会釈(アシライ 小鼓・大鼓のみ)の囃子で、前シテ(女)が登場し、橋掛かりの一の松で和歌を口ずさみます。僧が処の謂れをたずねると、紫式部が「源氏物語」のなかで「何某の院」と書いたところで、その昔は源融の邸があった場所と教えます。夕顔君が亡くなった「何某の院」の跡と知った僧は、さらに「夕顔の巻」の物語を所望します。
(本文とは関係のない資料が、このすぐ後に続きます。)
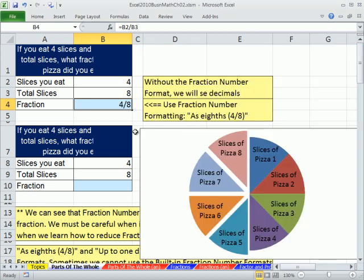Remember, number formatting is a facade — it's just on top. Really, underneath is that 0.5. If you do the division, 4 divided by 8 is 0.5.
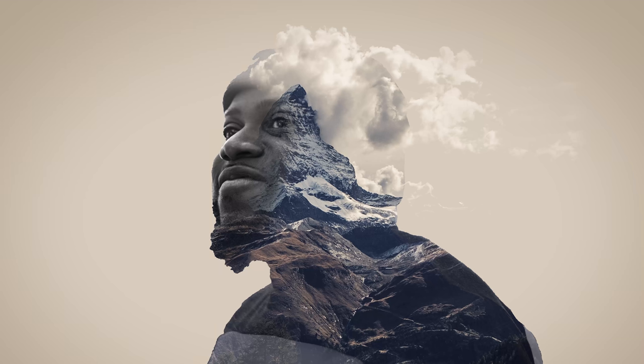What's going on everyone? Today we're going to do a fairly easy and fairly short tutorial on how to do a double exposure effect in Photoshop. So let's dive in.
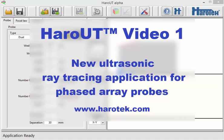Hi, I'm Marc Dubois from HaroTech. Welcome to this first video of the Haro-UT video series.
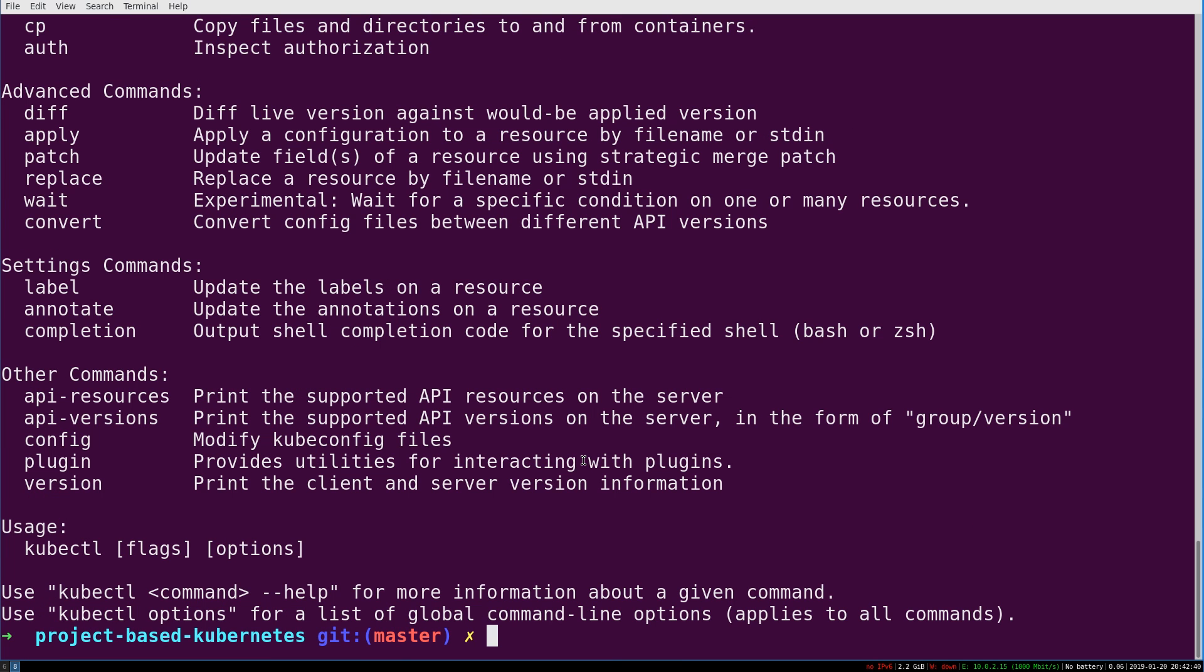In the next video, we're going to take a look at setting up or integrating with the hosted Kubernetes offering from DigitalOcean, which we'll be using throughout this course. It's a really fast setup, so I'll see you in the next one.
女は舞台中央に座して物語り(クセ)、やがて静かに立ち上がり、「夢にて来りて申す」とワキに向かい、姿を消す態で中入します。

 

間狂言(所の者)の語りの後、〈一声〉の囃子につれ、後シテ(夕顔の君)が現れます。長絹(広袖の衣)と緋大口(袴)姿です。荒れ果てて恐ろしい「何某の院」で命を落とした身も、今僧の弔いの力で成仏できる事を喜びつつ舞〈序之舞〉を舞い、夜明けとともに姿を消します。

 

 

〜鑑賞〜 

夏の終わりの夕方に咲きはじめる夕顔の花は一夜きりの花です。その花を介して出会った光源氏と夕顔の君は、お互いの素性を明かす事無く結ばれます。夕顔の隠れ住む辺りは庶民の町。静かな逢瀬を求めて、光源氏は「何某の院(源融の邸)」に夕顔を連れ出します。荒れ果てて木立も鬱蒼として、恐ろしげな漆黒の闇。物の怪が現れたと見るや、夕顔の命は風の前の灯火の様に消えてしまいます。原作の雰囲気をそのままに、儚いゆえに美しい夕顔の君を描いた作品です。